-- Opening Marker --
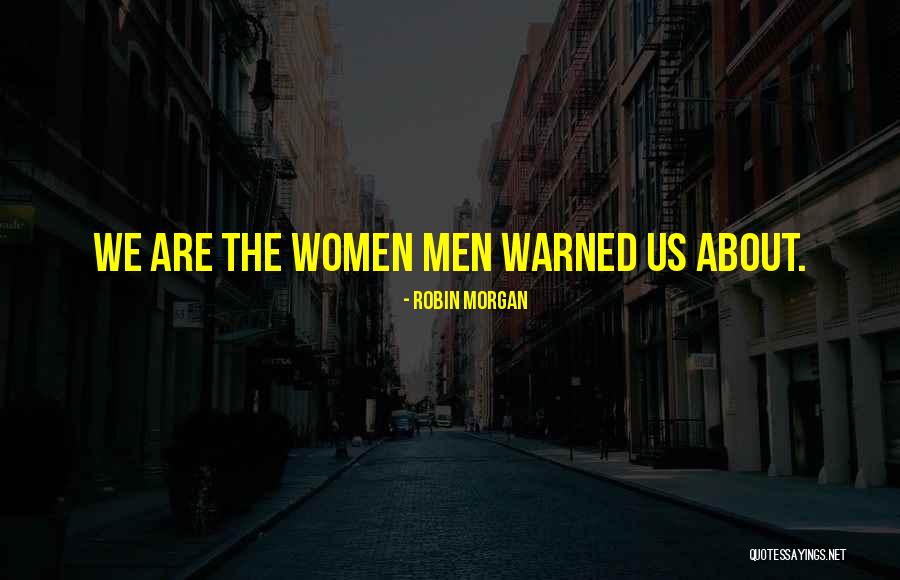 Emperador Quotes By Robin Morgan Emperador Quotes By Robin Morgan
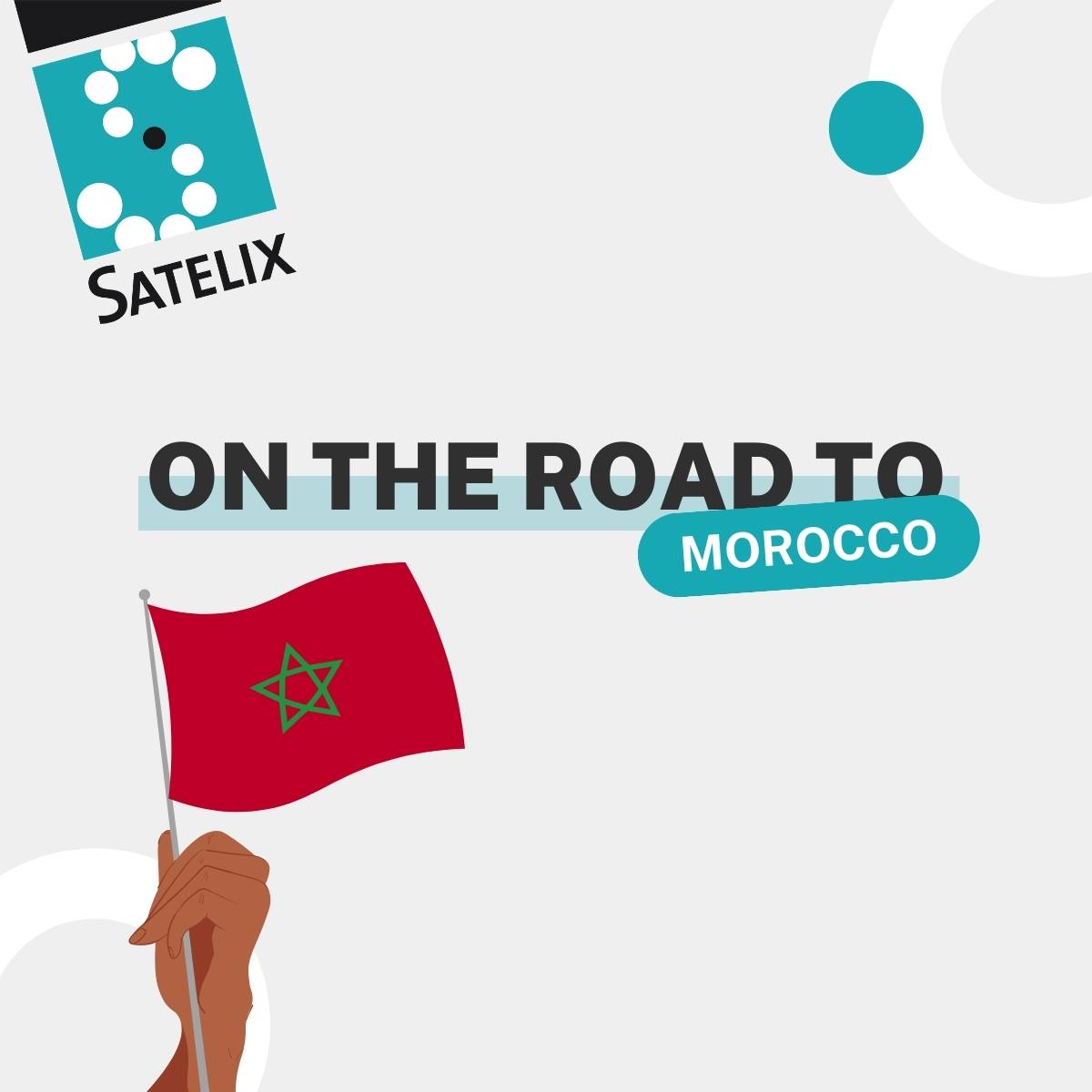 EN_Article Maroc – Satelix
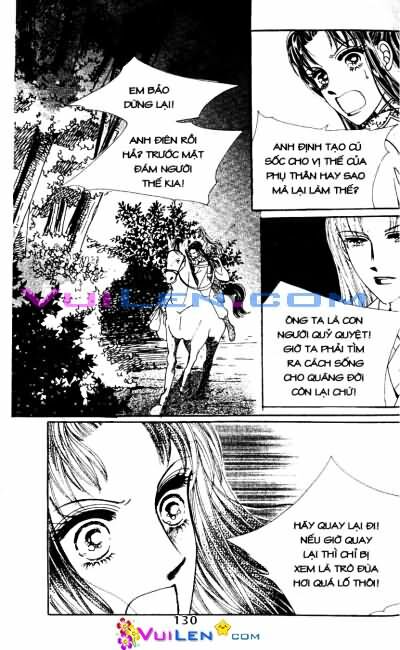 New Sexy Simpleton: Chapter 68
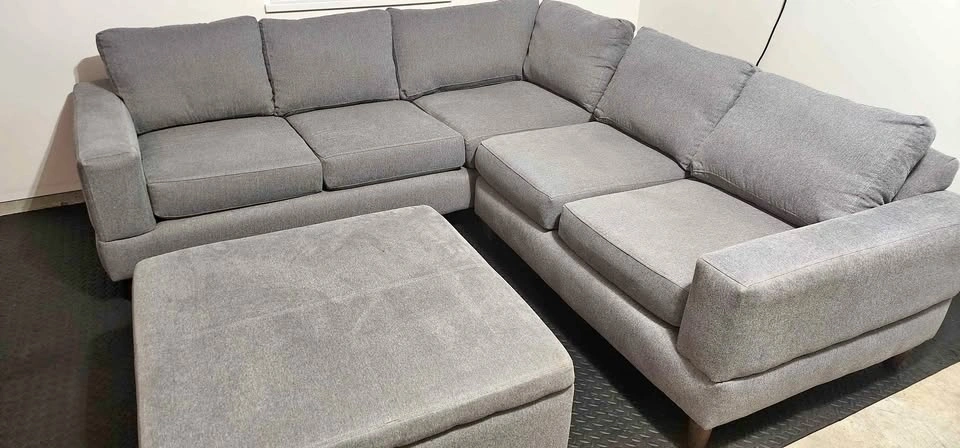 Sofa for sale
-- Closing Marker --
# What you are asked to do
Write the material out again word for word and omit any images.

# Answer to the exercise
 Emperador Quotes By Robin Morgan Emperador Quotes By Robin Morgan
 EN_Article Maroc – Satelix
 New Sexy Simpleton: Chapter 68
 Sofa for sale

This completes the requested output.